Siffrin has aspirations of becoming a veterinarian and genuinely cares about keeping the cat population down in order to limit the number of euthanized animals.
By promoting the concept of spaying and neutering pets, countless animal lives will be saved on a daily basis.
While Magliocco founded the group, a great deal of the work is done by CSUN students who care about animals and their wellbeing.
Darian Eskan, environmental sustainability major, joined the group recently and has already been making a major impact.
“Right now, I feed the cats on campus, I have one location behind the bookstore and its our way of maintaining the population.” Eskan said.

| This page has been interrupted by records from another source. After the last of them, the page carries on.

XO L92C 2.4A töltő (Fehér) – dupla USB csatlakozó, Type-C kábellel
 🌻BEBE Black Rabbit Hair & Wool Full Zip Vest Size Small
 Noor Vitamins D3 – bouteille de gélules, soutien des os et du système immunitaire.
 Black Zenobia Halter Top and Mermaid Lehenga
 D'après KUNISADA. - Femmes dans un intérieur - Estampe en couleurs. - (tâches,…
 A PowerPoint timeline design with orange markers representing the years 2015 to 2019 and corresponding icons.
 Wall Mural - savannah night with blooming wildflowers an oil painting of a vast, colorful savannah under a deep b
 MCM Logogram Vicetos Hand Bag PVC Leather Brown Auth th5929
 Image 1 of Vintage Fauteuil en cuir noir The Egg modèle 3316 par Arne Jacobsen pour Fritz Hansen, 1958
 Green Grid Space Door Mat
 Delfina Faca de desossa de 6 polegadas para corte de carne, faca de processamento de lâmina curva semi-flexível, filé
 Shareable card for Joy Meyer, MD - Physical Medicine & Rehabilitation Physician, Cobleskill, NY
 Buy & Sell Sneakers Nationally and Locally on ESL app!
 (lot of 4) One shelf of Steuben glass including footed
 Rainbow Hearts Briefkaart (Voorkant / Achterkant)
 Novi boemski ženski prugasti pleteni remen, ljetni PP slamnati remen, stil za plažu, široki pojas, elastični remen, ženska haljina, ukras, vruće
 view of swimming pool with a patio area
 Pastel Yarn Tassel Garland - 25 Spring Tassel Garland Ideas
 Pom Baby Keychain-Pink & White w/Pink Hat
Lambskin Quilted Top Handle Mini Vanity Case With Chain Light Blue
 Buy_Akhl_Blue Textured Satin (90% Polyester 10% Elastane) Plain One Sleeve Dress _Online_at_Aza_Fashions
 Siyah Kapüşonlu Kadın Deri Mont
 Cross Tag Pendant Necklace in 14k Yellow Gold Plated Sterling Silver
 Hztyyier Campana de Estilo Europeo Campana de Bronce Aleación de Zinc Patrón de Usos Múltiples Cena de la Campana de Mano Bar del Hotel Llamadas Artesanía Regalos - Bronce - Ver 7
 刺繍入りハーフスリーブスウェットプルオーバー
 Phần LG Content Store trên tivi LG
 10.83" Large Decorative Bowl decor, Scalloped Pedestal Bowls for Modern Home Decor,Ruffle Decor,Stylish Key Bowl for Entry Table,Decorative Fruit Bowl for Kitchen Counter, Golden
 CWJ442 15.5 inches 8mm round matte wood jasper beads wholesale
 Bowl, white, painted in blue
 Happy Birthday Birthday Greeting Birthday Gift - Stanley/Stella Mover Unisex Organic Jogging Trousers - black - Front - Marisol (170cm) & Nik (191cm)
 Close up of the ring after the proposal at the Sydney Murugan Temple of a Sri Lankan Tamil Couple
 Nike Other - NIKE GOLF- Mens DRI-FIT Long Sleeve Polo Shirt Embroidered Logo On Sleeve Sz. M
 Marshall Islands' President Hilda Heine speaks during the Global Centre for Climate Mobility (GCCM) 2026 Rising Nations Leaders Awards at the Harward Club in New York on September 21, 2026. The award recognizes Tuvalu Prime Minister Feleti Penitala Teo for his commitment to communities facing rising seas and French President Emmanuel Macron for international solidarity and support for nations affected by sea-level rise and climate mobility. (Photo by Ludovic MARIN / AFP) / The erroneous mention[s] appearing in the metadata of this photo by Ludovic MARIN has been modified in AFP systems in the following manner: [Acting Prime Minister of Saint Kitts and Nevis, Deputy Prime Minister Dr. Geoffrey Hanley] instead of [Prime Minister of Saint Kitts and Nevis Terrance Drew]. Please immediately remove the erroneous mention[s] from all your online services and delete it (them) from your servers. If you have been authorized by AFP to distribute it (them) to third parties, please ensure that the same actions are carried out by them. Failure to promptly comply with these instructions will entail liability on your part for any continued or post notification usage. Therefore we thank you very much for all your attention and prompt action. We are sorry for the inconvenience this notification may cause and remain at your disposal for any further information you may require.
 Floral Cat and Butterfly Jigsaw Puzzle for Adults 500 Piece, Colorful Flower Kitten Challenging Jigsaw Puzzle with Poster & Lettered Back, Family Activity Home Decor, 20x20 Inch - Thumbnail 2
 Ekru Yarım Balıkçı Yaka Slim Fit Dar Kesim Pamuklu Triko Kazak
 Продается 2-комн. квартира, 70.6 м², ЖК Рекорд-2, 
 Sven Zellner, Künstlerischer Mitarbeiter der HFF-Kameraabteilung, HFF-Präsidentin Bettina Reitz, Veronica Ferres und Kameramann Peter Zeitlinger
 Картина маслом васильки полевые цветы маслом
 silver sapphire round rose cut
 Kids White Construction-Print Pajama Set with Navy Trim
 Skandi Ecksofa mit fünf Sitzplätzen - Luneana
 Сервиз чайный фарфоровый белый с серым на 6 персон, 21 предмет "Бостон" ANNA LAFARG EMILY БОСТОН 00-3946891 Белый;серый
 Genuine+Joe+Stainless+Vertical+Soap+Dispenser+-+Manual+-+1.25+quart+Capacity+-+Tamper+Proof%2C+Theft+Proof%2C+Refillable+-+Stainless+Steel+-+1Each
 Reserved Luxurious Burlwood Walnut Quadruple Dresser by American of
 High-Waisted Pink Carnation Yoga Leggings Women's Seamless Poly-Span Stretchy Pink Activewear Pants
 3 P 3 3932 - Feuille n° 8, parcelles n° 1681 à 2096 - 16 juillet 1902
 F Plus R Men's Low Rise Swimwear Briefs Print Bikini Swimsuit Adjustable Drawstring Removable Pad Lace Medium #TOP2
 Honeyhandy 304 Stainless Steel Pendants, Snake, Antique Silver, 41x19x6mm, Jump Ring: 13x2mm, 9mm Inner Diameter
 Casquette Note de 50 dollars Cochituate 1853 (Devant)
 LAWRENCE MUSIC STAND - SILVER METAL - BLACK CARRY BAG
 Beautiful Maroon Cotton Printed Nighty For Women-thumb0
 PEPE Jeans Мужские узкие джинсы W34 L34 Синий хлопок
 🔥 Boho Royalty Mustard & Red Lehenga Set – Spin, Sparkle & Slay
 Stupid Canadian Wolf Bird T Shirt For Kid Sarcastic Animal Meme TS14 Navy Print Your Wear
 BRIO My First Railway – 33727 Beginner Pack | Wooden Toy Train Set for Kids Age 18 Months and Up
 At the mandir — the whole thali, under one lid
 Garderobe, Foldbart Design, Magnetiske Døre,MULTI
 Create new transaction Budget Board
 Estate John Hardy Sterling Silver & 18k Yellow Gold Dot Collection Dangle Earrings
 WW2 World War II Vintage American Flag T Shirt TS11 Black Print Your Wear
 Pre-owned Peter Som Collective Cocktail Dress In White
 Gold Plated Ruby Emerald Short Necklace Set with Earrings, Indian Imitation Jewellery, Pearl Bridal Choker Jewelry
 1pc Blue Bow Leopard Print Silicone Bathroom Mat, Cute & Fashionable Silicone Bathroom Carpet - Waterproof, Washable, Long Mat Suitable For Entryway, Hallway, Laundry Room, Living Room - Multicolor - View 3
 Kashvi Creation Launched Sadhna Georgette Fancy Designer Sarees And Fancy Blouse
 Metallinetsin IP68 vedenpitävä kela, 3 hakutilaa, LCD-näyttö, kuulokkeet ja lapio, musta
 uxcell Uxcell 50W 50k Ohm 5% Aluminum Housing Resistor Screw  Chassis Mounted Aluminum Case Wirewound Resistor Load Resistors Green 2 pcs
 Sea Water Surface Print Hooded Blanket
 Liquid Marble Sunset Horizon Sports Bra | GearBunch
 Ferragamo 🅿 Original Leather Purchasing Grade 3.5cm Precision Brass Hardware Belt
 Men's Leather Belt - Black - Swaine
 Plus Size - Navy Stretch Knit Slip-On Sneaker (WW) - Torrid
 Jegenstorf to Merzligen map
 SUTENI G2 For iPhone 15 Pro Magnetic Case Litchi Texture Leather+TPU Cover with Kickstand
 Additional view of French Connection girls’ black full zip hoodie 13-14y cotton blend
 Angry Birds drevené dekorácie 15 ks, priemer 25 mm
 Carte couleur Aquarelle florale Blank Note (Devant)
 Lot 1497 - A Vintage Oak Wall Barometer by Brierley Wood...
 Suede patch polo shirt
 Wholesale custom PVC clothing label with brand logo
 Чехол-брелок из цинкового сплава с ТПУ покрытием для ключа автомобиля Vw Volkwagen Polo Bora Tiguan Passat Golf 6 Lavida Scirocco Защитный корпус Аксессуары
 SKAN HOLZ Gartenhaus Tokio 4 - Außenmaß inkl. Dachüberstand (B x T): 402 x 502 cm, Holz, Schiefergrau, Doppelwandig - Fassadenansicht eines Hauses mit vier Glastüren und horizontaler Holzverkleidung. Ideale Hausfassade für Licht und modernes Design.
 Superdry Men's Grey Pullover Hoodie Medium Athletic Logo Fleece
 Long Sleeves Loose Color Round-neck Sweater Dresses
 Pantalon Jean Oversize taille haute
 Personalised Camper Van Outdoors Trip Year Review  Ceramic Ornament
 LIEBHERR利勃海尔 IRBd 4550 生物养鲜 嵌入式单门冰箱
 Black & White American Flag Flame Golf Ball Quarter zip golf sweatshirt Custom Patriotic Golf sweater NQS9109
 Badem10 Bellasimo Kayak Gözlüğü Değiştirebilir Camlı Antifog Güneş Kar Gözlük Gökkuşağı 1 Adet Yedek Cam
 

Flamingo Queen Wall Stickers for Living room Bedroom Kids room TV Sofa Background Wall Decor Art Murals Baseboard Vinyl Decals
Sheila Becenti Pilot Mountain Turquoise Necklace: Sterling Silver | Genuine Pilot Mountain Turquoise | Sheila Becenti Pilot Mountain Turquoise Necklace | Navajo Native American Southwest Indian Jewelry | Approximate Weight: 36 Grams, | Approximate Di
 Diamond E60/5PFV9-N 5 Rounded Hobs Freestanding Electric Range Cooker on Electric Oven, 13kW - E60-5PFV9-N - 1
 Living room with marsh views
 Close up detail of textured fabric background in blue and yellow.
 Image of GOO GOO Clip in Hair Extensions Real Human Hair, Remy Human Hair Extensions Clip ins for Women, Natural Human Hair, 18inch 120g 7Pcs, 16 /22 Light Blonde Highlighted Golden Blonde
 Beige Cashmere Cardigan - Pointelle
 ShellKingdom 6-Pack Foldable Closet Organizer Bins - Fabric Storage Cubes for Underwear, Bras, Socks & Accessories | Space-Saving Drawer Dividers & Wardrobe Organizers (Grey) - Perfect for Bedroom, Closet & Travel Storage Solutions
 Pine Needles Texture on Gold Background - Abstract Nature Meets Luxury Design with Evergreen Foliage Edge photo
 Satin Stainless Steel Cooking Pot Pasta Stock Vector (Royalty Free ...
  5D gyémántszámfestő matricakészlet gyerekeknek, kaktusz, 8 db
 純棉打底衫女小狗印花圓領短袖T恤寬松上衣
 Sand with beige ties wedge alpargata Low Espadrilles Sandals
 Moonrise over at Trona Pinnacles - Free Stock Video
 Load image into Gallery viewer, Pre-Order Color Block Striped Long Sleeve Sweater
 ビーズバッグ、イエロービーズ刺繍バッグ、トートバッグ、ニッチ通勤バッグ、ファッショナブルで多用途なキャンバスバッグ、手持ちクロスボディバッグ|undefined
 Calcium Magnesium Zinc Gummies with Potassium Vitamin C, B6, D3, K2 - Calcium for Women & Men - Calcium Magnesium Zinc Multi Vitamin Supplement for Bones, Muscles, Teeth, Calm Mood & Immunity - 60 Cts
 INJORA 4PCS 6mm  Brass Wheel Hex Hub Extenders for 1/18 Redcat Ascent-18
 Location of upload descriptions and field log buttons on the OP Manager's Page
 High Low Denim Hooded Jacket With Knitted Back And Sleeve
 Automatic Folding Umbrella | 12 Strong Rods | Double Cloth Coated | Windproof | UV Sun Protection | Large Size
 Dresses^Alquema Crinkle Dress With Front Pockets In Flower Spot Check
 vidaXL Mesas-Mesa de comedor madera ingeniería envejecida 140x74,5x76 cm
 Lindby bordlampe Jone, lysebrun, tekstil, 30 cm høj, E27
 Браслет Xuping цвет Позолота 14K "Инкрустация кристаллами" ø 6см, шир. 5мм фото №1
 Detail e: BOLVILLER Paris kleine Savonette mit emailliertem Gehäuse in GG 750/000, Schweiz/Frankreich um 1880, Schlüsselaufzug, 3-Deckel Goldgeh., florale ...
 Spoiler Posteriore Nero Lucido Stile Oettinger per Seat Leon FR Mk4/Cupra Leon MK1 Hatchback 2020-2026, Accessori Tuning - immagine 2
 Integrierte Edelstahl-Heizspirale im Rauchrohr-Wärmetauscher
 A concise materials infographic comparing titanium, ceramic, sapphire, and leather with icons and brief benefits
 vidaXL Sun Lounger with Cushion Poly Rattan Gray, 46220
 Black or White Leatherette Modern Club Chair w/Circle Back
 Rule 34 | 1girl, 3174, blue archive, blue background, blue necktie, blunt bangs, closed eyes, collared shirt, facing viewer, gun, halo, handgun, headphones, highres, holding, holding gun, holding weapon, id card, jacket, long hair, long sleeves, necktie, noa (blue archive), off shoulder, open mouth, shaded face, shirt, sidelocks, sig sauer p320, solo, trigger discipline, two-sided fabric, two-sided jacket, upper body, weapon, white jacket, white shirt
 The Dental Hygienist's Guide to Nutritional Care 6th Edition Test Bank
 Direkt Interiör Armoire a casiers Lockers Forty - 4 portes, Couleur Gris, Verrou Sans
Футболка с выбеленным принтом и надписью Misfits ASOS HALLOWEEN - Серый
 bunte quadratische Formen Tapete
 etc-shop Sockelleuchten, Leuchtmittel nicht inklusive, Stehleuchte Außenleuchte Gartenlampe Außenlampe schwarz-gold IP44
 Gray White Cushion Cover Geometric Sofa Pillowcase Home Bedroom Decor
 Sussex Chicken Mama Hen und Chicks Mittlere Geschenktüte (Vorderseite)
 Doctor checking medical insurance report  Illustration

It is important to educate the public about spaying and neutering, especially when it comes to feral cats. Feral cats are the largest group euthanized because they are almost impossible to adopt.
Magliocco created the group in 2001 when she realized that the only way the problem could be controlled is by capturing and neutering as many cats as possible.
“Well the biggest influx of cats was actually in 1994 after the earthquake,” Magliocco said. “When I came in 1997, there were about 80 cats on this campus and they were not spayed and neutered and it was a big problem.”
Today, there are closer to 25 feral cats located on the CSUN campus due to Magliocco’s and the CSUN Cat People’s efforts.
While National Feral Cat Day technically took place on Sunday, the CSUN Cat People did not want to miss out on the opportunity to raise awareness for this worthy cause by promoting it in an area that is directly affected by it.